Connery, der vom ersten Film an ein Toupet trug, gilt bis heute als der beste, der klassische Bond. Sein farbloser Nachfolger George Lazenby verschwand nach nur einem Auftritt in der Versenkung. Mit Roger Moore kam ein Bond-Parodist, der die Filme als «Komödien» betrachtete. Shakespeare-Schauspieler Timothy Dalton wollte aus der kugelsicheren Tötungsmaschine «ein menschliches Wesen machen». Der seit 1995 nun schon zum vierten Mal amtierende 007 Pierce Brosnan will ganz einfach «den ultimativen Helden» spielen.
James Bond ist eigentlich ein kalter Krieger, der durch den Fall der Berliner Mauer seine Berufung verloren hat. Zwar wurde er seitdem in Afghanistan gegen islamische Terroristen und in Russland gegen die Mafia eingesetzt, doch wirkt er nach den Worten seines Chefs «M» wie ein «Dinosaurier» aus grauer Vorzeit.
«Wir haben darüber diskutiert, ob Bond jetzt Bin Laden schnappen soll», erzählt Brosnan über den neuen Streifen. Aber das nimmt ihm so leicht keiner keiner ab. Eine solche Vermischung mit der Realität wäre für die Produzenten ein unnötiges Risiko. Auf die Frage, inwieweit der 11. September das Genre beeinflusst hat, fällt dem Regisseur Lee Tamahori im dpa-Gespräch nur ein: «Wir lassen keinen mehr verbrennen.» Und so rettet 007 im seinem 20. Fall die Welt vor einem Größenwahnsinnigen aus dem totalitären Nord-Korea.
Ein guter Bond, so heißt es, steht und fällt mit dem Bösewicht. Legendär sind die verhinderten Weltvernichter der Anfänge: Ernst Stavro Blofeld mit seiner weißen Katze auf dem Schoß, die KGB- Killerin Rosa Klebb - und natürlich Auric Goldfinger, meisterhaft linkisch gespielt von Gert Fröbe. Das waren noch Dialoge damals: «Erwarten Sie von mir, dass ich rede?» - «Nein, Mr. Bond. Ich erwarte von Ihnen, dass Sie sterben.»
«James, was ist aus dir geworden?» würde Mrs. Moneypenny fragen. Feminismus, Aids, Gesundheitswelle und politische Korrektheit haben ihm alles vermiest, was Spaß macht im Leben. Er muss für die Länge eines ganzen Films einigermaßen treu bleiben, auf Zigaretten verzichten und nun sogar auf Mineralwasser umsteigen. Die größte Demütigung: Sein Chef «M» ist seit Jahren eine Frau.
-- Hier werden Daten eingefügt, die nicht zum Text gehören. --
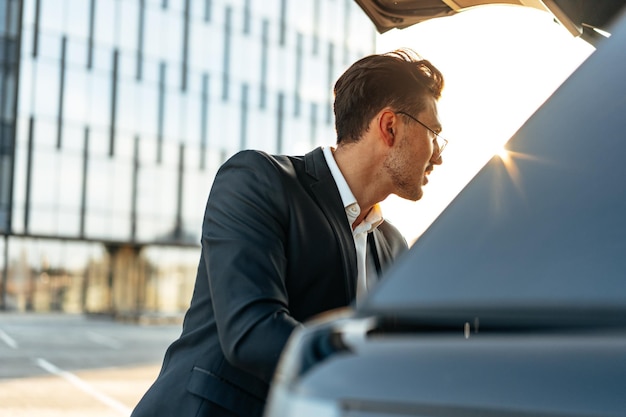 Empresário de sucesso tirando bagagem do porta-malas do carro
Eines aber hat sich nie geändert: Bond hat schöne Girls, schnelle Autos und tödliche Waffen. Und er gewinnt immer. Gerade das ist sein Erfolgsheimnis, meint der italienische Schriftsteller Umberto Eco. Jeder kennt die Spielregeln, jeder kann mitreden. Die «minimalen Variationen, unter denen der Sieger ans Ziel gelangt», sind des wahren Bond-Liebhabers größtes Vergnügen.